The antitrust injury requirement applies to plaintiffs even when they are alleging per se antitrust violations. See ARCO, 495 U.S. at 341-346. ARCO involved allegations of vertical, maximum price-fixing. At the time ARCO was decided, vertical maximum price-fixing was illegal per se, as established in Albrecht v. Herald Co., 390 U.S. 145, 88 S.Ct. 869, 19 L.Ed.2d 998 (1968) (Albrecht was overruled in State Oil Co. v. Khan, et al., ___ U.S. ____, 118 S.Ct. 275, 139 L.Ed.2d 199 (1997)). In ARCO, the Supreme Court rejected the plaintiff's argument that antitrust injury can be inferred by the existence of per se violations. The Court determined that the purpose of the antitrust injury requirement was unrelated to the factors that guide per se versus rule-of-reason analysis, and that "proof of a per se violation and of antitrust injury are distinct matters that must be shown independently." ARCO, 495 U.S. at 344 (quoting 2 AREEDA & HOVENKAMP, ANTITRUST LAW, ¶ 334.2c, p. 380 (1989 Supp.).

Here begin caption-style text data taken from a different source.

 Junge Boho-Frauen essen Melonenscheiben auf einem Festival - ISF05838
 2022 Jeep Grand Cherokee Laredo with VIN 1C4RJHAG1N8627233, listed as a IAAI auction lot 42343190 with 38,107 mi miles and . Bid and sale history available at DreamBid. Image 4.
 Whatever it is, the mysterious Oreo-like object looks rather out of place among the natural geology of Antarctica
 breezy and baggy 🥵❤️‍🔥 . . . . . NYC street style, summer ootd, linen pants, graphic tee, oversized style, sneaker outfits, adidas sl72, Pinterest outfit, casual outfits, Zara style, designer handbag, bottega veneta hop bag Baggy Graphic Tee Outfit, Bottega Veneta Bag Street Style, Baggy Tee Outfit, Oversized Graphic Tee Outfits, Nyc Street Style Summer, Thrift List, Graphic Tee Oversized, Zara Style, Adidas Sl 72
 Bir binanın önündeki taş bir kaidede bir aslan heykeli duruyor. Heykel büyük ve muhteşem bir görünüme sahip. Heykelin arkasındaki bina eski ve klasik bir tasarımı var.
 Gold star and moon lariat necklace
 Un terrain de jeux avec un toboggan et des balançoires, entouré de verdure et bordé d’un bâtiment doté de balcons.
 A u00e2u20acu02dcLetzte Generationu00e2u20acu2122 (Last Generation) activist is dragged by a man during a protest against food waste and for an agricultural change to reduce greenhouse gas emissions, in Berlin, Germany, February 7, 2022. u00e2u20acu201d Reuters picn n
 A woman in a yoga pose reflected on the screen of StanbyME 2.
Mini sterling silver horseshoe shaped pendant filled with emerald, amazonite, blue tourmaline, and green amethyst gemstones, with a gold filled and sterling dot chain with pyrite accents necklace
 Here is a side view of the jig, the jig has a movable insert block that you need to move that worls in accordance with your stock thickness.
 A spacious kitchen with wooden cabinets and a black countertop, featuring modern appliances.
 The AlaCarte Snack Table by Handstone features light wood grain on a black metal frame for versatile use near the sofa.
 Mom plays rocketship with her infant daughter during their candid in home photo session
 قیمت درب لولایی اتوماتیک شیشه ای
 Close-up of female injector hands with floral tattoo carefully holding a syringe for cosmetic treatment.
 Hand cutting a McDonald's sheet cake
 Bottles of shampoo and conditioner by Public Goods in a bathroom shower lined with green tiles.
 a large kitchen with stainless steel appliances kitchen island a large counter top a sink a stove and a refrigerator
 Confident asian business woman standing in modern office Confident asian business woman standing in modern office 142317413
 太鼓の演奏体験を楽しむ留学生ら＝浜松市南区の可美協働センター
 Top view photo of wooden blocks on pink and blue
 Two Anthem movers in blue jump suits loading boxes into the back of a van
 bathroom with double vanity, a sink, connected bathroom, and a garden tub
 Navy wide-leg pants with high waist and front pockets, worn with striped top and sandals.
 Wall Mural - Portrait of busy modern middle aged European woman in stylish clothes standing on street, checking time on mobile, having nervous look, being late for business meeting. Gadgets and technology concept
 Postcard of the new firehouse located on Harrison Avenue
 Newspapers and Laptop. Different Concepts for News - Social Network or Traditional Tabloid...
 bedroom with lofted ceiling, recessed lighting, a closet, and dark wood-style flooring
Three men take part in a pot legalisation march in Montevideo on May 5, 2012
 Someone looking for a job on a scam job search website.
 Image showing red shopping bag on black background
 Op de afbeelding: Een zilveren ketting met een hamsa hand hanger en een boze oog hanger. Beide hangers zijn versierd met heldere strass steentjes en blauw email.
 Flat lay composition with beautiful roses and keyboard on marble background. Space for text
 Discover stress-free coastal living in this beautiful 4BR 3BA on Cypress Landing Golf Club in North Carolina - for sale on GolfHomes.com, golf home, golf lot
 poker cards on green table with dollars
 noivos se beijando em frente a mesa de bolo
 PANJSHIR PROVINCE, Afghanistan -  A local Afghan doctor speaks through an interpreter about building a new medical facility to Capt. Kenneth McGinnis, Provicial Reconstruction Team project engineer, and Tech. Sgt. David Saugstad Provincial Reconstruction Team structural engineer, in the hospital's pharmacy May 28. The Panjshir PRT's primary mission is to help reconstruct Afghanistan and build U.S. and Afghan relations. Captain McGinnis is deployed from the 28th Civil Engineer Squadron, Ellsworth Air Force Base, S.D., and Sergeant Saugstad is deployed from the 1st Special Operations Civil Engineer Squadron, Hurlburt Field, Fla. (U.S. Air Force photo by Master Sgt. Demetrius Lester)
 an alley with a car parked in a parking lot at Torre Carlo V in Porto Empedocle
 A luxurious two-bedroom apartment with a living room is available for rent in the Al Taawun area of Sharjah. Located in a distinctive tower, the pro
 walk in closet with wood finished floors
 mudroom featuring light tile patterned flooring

The Court must be particularly sensitive to the antitrust injury requirement in this case because Plaintiff is a competitor, not a consumer. As the Seventh Circuit has noted, "competitors' theories of injury under section 4 deserve particularly intense scrutiny. ... [W]henever the plaintiff and consumers have divergent rather than congruent interests, there is a potential problem in finding `antitrust injury.' If, as in Brunswick, itself, the plaintiff and defendant are competitors, the plaintiff gains from higher prices and loses from lower prices — just the opposite of the consumers' interest. When the plaintiff is a poor champion of consumers, a court must be especially careful not to grant relief that may undercut the proper functions of antitrust." Indiana Grocery, Inc. v. Super Valu Stores, Inc., 864 F.2d *1361 1409, 1419 (7th Cir.1989) (citations omitted). See also 2 AREEDA & HOVENKAMP, ANTITRUST LAW, ¶ 373a, p. 275 (1995 ed.) ("Because a competitor opposes efficient, aggressive, and legitimate competition by his rivals, he has an incentive to ... use an antitrust suit to delay their operations or induce them to moderate their competition. For that reason, the courts should be skeptical of a plaintiff's claims that his rivals have violated the antitrust laws and caused ... antitrust injury.")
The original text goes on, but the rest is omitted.